A dance between dogs and humans through jumps, tunnels, A-frames, dog walks, teeter totters and the infamous weave poles. OK, the dogs do the obstacles but the humans guide them through the courses in a well coordinated dance of team work. Agility is a sport that requires (and builds) communication and teamwork between dogs and humans. It is a sport that can be enjoyed as backyard fun or taken to the highest level of competition.
How do skijorers stay fit in the summer? Cani-Cross! This sport is the dry-land form of skijoring. Using virtually the same equipment as skijoring (belt, bungee line and harness) the dog pulls while their human runs or hikes behind. Cani-Cross is also a great way to prepare for skijoring in the winter. It is an easy way to start to become comfortable with the equipment and train the commands BEFORE you add the skis into the mix!

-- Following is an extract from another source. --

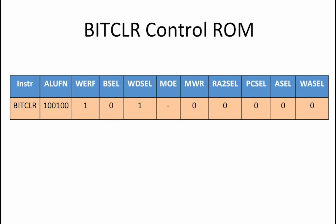So, our completed control ROM for the BitClear operation is shown here.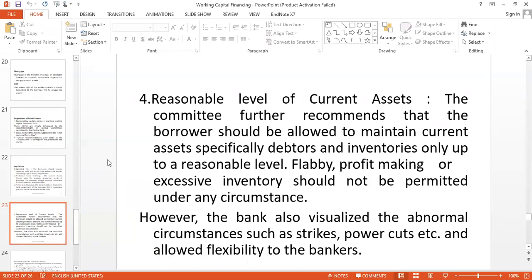If you have excessive current assets and cannot meet your current liabilities, that is a problem. So when we emphasize regulation, the company or enterprise must maintain a reasonable level of current assets. However, this does not mean the bank will be very rigid or static.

One of the fastest growing dog sports in the past few years has been Rally. Rally puts some fun and challenge into basic obedience and encourages dog/human teamwork. As a sport, it is a judged obedience competition but done similar to an agility course. There are no obstacles (except for a jump at upper levels of competition). However, the dog/human team must smoothly maneuver their way through a series of stations through a set course. Each station requires the successful completion of an obedience command. All must be accomplished on a loose lead at novice levels or no lead at advanced levels. Teams are judged not only on the execution of the maneuvers, but on the teamwork demonstrated. This sport is a lighter take on formal obedience competitions. Even if you are not interested in competition, Rally is a fun way to practice obedience as well as a great preparation for teams wanting to do agility.